(Data records)
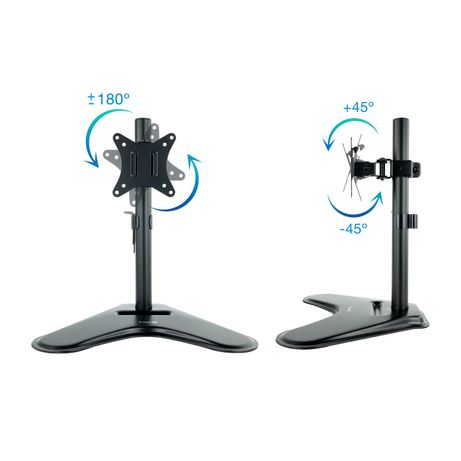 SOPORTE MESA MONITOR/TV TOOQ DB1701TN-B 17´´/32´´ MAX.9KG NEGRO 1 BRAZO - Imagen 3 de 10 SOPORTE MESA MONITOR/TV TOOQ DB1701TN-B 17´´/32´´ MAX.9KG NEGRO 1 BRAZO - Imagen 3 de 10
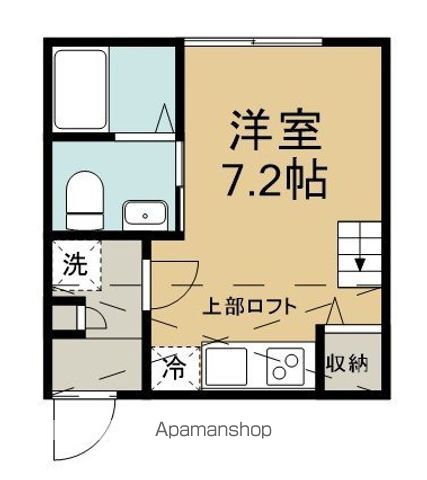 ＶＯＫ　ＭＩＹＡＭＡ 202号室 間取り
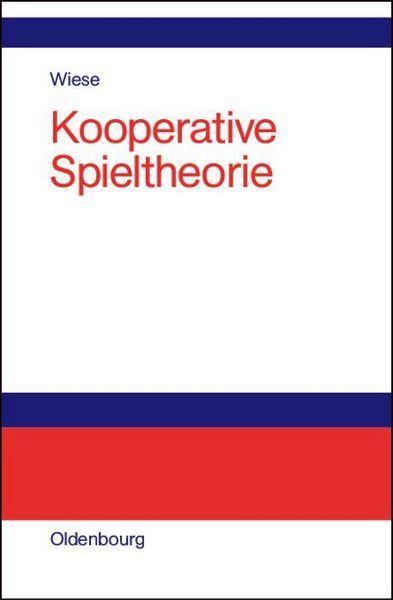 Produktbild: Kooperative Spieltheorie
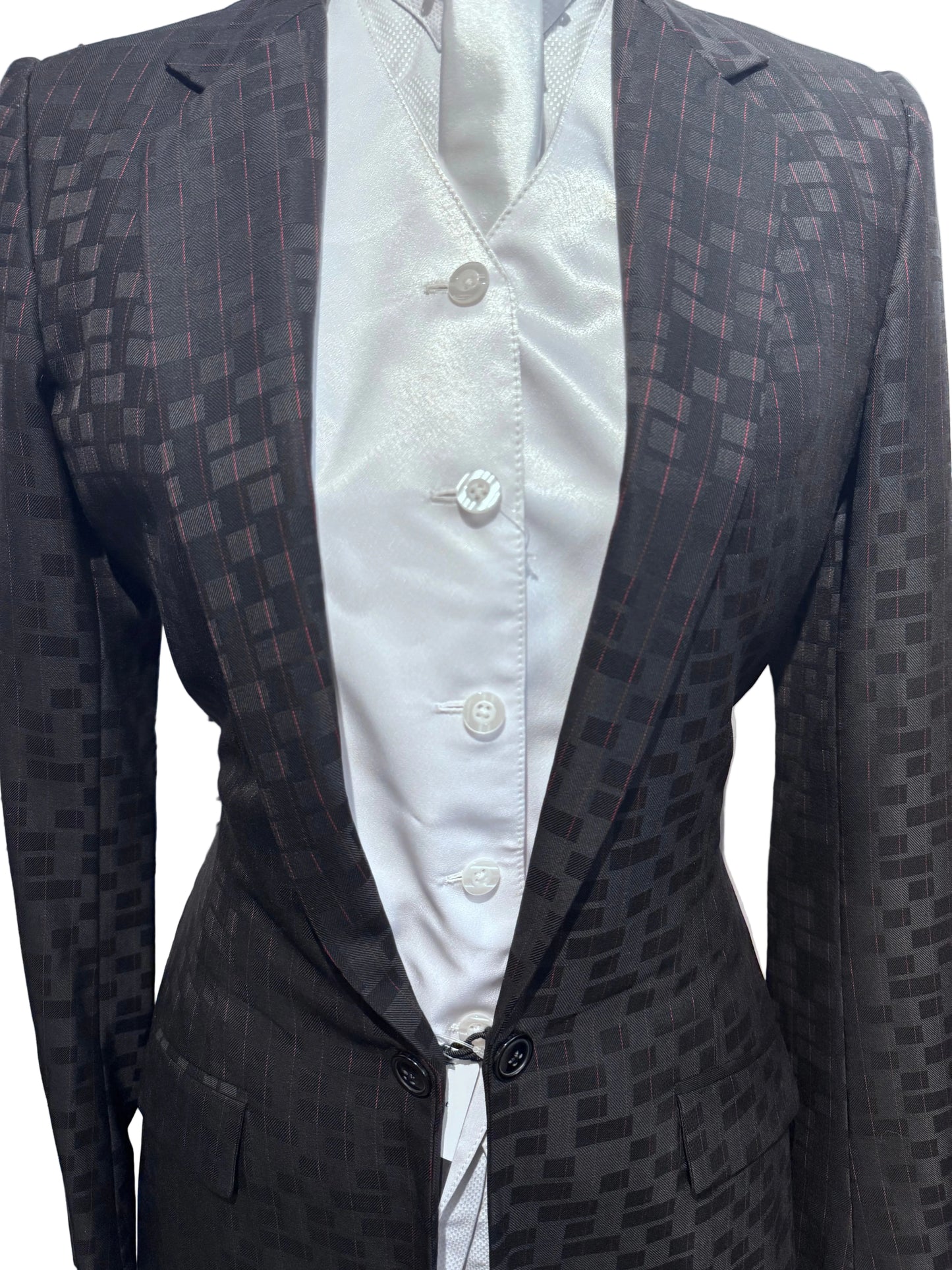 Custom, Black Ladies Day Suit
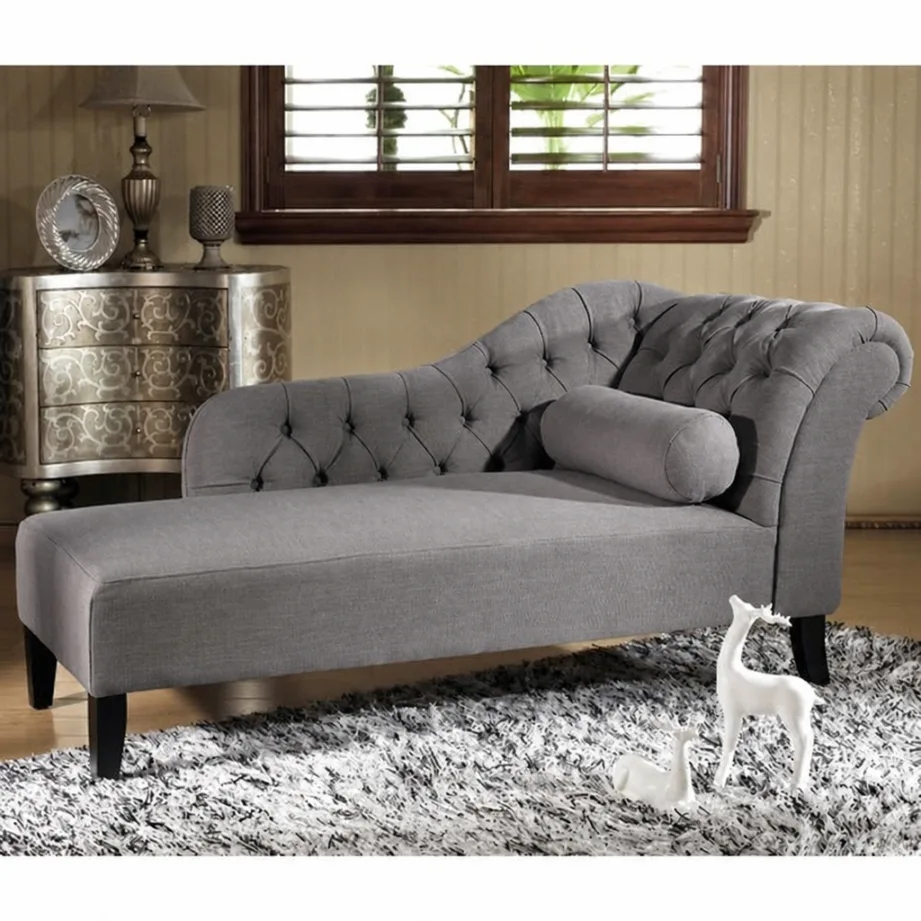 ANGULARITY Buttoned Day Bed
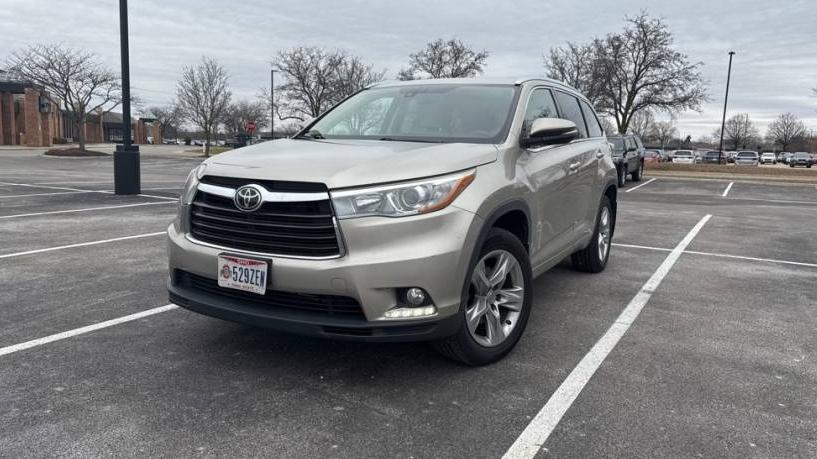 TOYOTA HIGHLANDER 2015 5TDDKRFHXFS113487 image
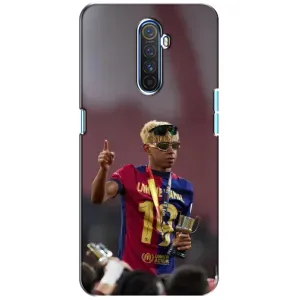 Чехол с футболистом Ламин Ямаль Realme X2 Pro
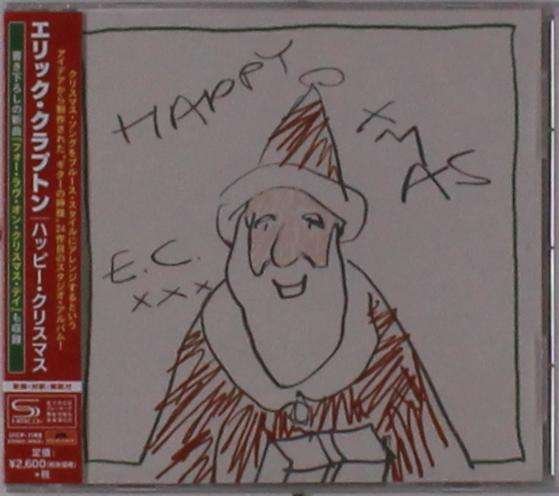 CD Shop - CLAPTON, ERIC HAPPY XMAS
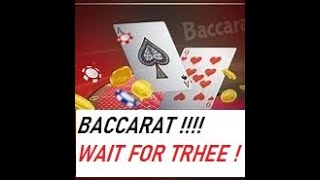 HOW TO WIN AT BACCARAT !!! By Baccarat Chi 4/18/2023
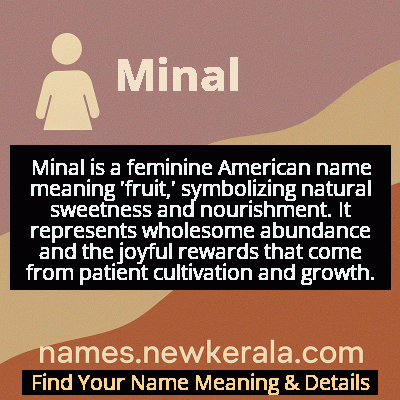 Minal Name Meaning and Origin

[REQUIRED ACTION]
With the pictures set aside, please write out all of the records above exactly.

[EXERCISE RESPONSE]
 SOPORTE MESA MONITOR/TV TOOQ DB1701TN-B 17´´/32´´ MAX.9KG NEGRO 1 BRAZO - Imagen 3 de 10 SOPORTE MESA MONITOR/TV TOOQ DB1701TN-B 17´´/32´´ MAX.9KG NEGRO 1 BRAZO - Imagen 3 de 10
 ＶＯＫ　ＭＩＹＡＭＡ 202号室 間取り
 Produktbild: Kooperative Spieltheorie
 Custom, Black Ladies Day Suit
 ANGULARITY Buttoned Day Bed
 TOYOTA HIGHLANDER 2015 5TDDKRFHXFS113487 image
 Чехол с футболистом Ламин Ямаль Realme X2 Pro
 CD Shop - CLAPTON, ERIC HAPPY XMAS
 HOW TO WIN AT BACCARAT !!! By Baccarat Chi 4/18/2023
 Minal Name Meaning and Origin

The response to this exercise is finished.